To successfully protect against pathogen infection, a vaccine must elicit efficient adaptive immunity, including B and T cell responses. While B cell responses are key, as they can mediate antibody-dependent protection, T cells can modulate B cell activity and directly contribute to the elimination of pathogen-infected cells. In the unprecedented race to develop an effective vaccine for severe acute respiratory syndrome coronavirus 2 (SARS-CoV-2), the causative agent of the respiratory disease coronavirus disease 2019 (COVID-19), messenger RNA (mRNA) vaccines have emerged as front runners thanks to their capacity for rapid development and ability to drive potent adaptive immune responses. In this review article, we provide an overview of the results from pre-clinical studies in animal models as well as clinical studies in humans that assessed the efficacy of SARS-CoV-2 mRNA vaccines, with a primary focus on adaptive immune responses post vaccination.

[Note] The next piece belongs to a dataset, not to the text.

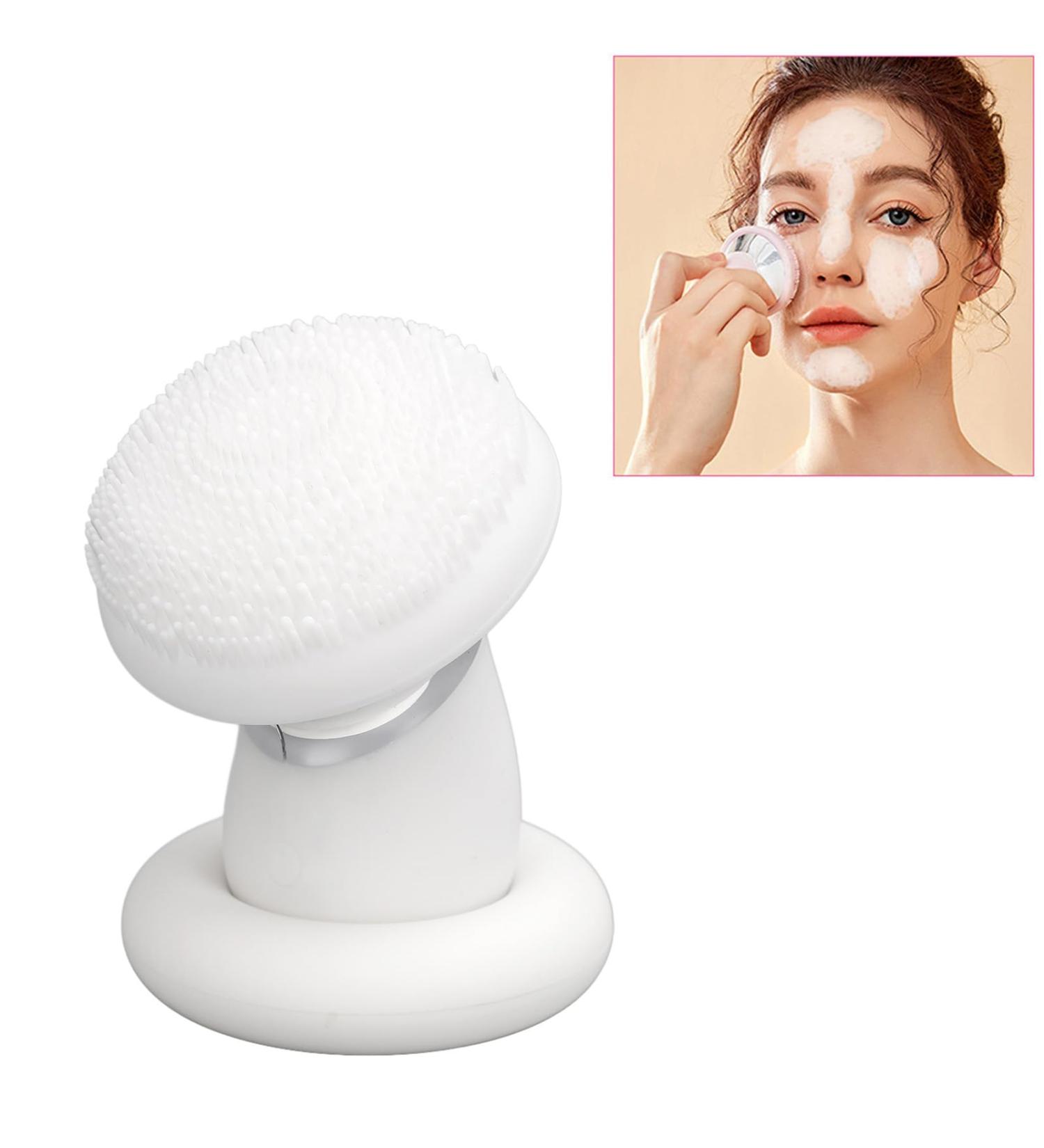 Electric Face Scrubber Silicone Facial Cleansing Brush Rechargeable Massaging 4 Modes IPX7 Waterproof Electric Facial Cleanser Brush - Buy Online on SooperMarket.com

Keywords: SARS-CoV-2; T follicular helper cells; Th1 cells; adaptive immunity; antibodies; coronavirus; germinal centers; long-lived plasma cells; mRNA vaccines; memory B cells.

Figure 1

Immune responses elicited by SARS-CoV-2 mRNA vaccines. SARS-CoV-2 mRNA vaccines are administered intramuscularly (1). Either mRNA-LNPs or locally produced antigen are taken up by antigen-presenting cells (APCs) (2), such as dendritic cells (DCs). These APCs then traffic to the lymph nodes (3) where they are able to prime CD4 and CD8 T lymphocytes (4). The events in (2)–(4) are reviewed in detail in [36]. The priming of CD8 T cells can induce the formation of cytotoxic T lymphocytes (5b) which are capable of directly killing infected cells. Antigen-primed CD4 T cells can differentiate into Th1 cells (5a) or T follicular helper (Tfh) cells. Tfh cells help to initiate a germinal center (GC) reaction (6). GC reactions induced by vaccination will result in the formation of affinity-matured memory B cells (MBCs) and the antibody-secreting long-lived plasma cells (LLPCs). Tfh cells can be skewed towards either a Th1 or Th2 phenotype, which will affect the class switching of antibodies (Abs) produced by LLPCs to either Th1- or Th2-associated Abs (6).